# Green Bottle w/ leaves



## rwood00ab (Jan 10, 2016)

This bottle is unique with it's small, leaf imprints on the front of the bottle. I do see information on the bottom; however, I have no idea what it means. As you can see, there is a crack at the top.  Any information would help a lot.  Thanks!


----------



## andy volkerts (Jan 10, 2016)

Looks like a bottle that you could buy at Pier One or Home Goods, from the decorator section, not much value I would suspect.........Andy


----------



## LisaH (Jan 11, 2016)

I'm inclined to agree with Andy here.

Where did you acquire it?
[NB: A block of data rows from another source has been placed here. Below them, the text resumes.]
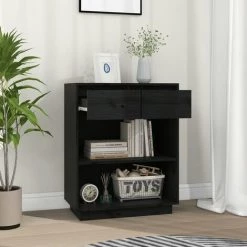 YOUTHUP Armoire Console Noir 60x34x75 Cm Bois De Pin Solide - Noir -Buffet et enfilade Soldes 60367229 3
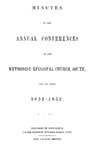 1851-1852 Minutes of the Annual Conferences of the Methodist Episcopal Church, South, for the Years 1851-1852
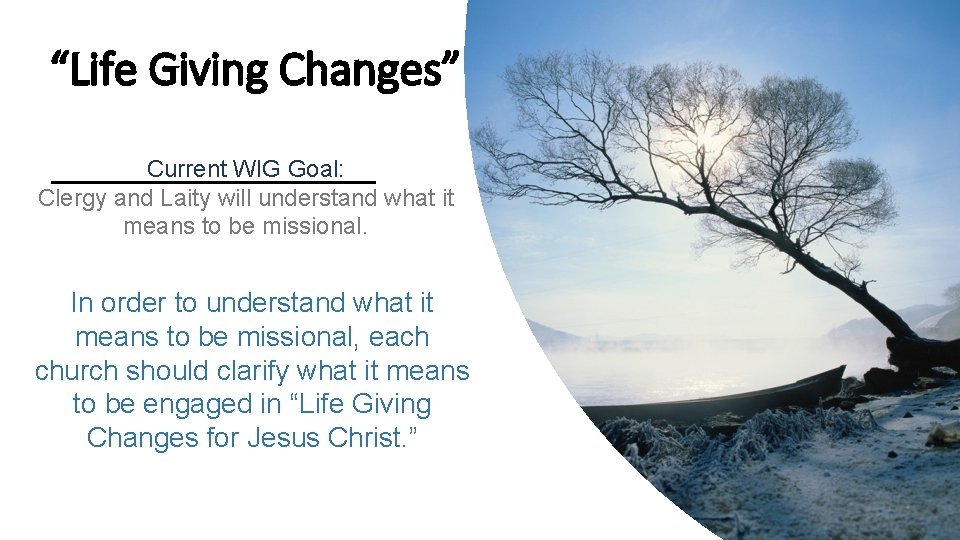 “Life Giving Changes” Current WIG Goal: Clergy and Laity will understand what it means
Could you put up some better pictures of the neck and lip?


----------



## anj2006 (Jan 11, 2016)

Looks like something you could find at your local headshop!!! If you have a local headshop that is???


----------



## sunrunner (Jan 15, 2016)

looks like an Italian win . perhaps 1940s or 50s the chip on the lip looks what would commonly happen when some one would prey up the cork with ether a knife or an ice pike .


----------



## Harry Pristis (Jan 15, 2016)

anj2006 said:


> Looks like something you could find at your local headshop!!! If you have a local headshop that is???



Could be a shisha bottle.


----------